Ticking all the boxes for a health care upgrade at Strata Rx

This was originally published on O’Reilly Media’s Strata blog, October 7, 2013.

Here’s what we all know: that a data-rich health care future is coming our way. And what it will look like, in large outlines. Health care reformers have learned that no single practice will improve the system. All of the following, which were discussed at O’Reilly’s recent Strata Rx conference, must fall in place.

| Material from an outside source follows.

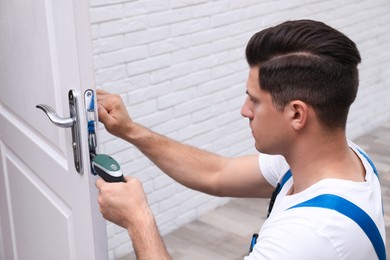 Photo of Handyman with screw gun repairing door lock indoors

Data collection in daily living: Office visits, even if done every three or four months, can’t deal with the behavioral and life style issues that characterize modern illnesses. People can live better with chronic conditions if their medicine bottles report their adherence to prescriptions (and get a text message or phone call when they forget to take their pill), their carpets report if their tread is wavering, and their scales report their daily weight.
mHealth and telemedicine: The Internet can connect everybody: patients can send photos of symptoms to their doctors, doctors can consult with other doctors, and patients can exchange ideas with each other. Telemedicine makes use of all that data we hope individuals will collect about their health—and not just in developed regions of the world.
Data liquidity: Doctors need to know their patients’ histories to treat them right, so the days of repeating tests (including X-rays) and waiting weeks for records to be sent must end. In addition, data gives an advantage to large institutions—insurers, hospital conglomerates, and others who get data from thousands or millions of patients. Competition calls for offering the same benefits to small players. And even the large players jump at the chance to use open data sets, usually provided by government agencies such as the Center for Medicare & Medicaid Services (CMS). Seamless data exchange is the technical requirement for increased data sharing.
An app ecosystem: For too long, software has been left in the hands of EHR vendors and other data holders, leading to stagnation and a bias toward applications that increase the revenues of a single vendors. Open APIs turn the whole equation upside-down, encouraging anyone with an interest in the data to create a useful app. These APIs also facilitate the combination of data sets, especially if different data sets use the same API. Google Maps and the success of the iPhone App Store are often cited as metaphors for what open APIs could do for health.
Transparency in quality measures and payments: The scandal of payments that were wildly out of line with medical services and quality simmered for decades and finally burst into public view with Steven Brill’s Time Magazine article. More data has come online since, which may reduce costs (although some observers worry it will raise them, because hospitals know what they can get away with). More importantly, doctors and their institutions will be judged more accurately on how well they do.
Patient control over data: A subterranean theme undergirding Strata Rx, patient control can shake loose the bonds on all the other changes that have to happen. To store patient data with the individual instead of with the provider, insurer, pharmacy, and marketing firms is a radical inversion of power. The patients would share data as needed with providers and researchers, and could add data collected from daily living.
Sophisticated analytics: The difference between today’s accountable care and the managed care hated so much by the public in the 1970s is data. Insurers rejected treatments under managed care for crude, poorly supported reasons. (Less well-known is that they approved some horrendously painful and expensive treatments that didn’t work.) Strata Rx speakers detailed some of the ways better data collection and crunching can aid in treatment.
Genomic and other "omics" data: The body is the richest source of health-related information, and the costs of that data decrease (a full genome on one person can be generated now for about two thousand dollars) while our understand of how the data fits together increases. Genetics are only one small element of most diseases, surpassed by behavior and environmental factors, but we’re getting closer to making diagnoses on the basis of underlying physical characteristics rather than symptoms.
Research collaboration: Chronic diseases, and their genetic causes, are too big for a single biologist or lab to encompass. Data sharing will lead to the next natural step: researchers will throw away (or at least relax) their traditional suspicion of rivals in other institutions, and will work together on problems. In a talk at Strata Rx, Richard Elmore mentioned that NIH had started a "collaboratory." Sage Bionetworks has also pioneered genetic research across multiple labs.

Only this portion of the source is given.